Additional information that you might find helpful is here:
[https://plus.google.com/+CarlHewitt-
StandardIoT](https://plus.google.com/+CarlHewitt-StandardIoT)

------
evrydayhustling
Awesome overview! I've built actor -oriented implementations in a variety of
domains, from finance to education to messaging, and find it a very useful way
to think about the world. It can focus your thinking around which state (and
actions) should be colocated, and orient you towards event based interfaces
that focus around that data rather than specific client needs. People coming
from modern programming paradigms will find many useful analogies -- e.g. to
SOA/microservice decomposition, to components in a redux event loop.

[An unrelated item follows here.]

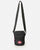 Rip Curl Search Crossbody Bag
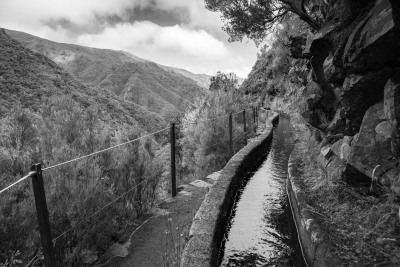 Levada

Some cautions: as with any factorization scheme, granularity is important. The
actor model makes it easy to think within actors, and hard to reason about
interactions. Don't overfactor!

Also, orienting around event streams means forgoing synchronous requests. This
can lead to insane complexity where each actor awaits specific replies to act
on remote state. When adopting a framework, never ignore the useful tools it
leaves behind (like the way synchronous request interfaces imply a round trip
handshake being handled by another layer).

------
threatofrain
Carl Hewitt, Erik Meijer, Clemens Szyperski, talking about the actor model in
2012.

[https://www.youtube.com/watch?v=1zVdhDx7Tbs](https://www.youtube.com/watch?v=1zVdhDx7Tbs)

------
curuinor
Hewitt is now kind of a crank. When Hofstadter came over for the Symsys thing
in Stanford a few years back, Hewitt handed Hofstadter a little sheet of paper
saying that mere contradiction allowed axiomatic systems to transcend Godel
incompleteness theorems. Hofstadter: "Thanks, Carl." and then he threw it away
when Hewitt wasn't looking. I think there's a thread in Lambda the Ultimate.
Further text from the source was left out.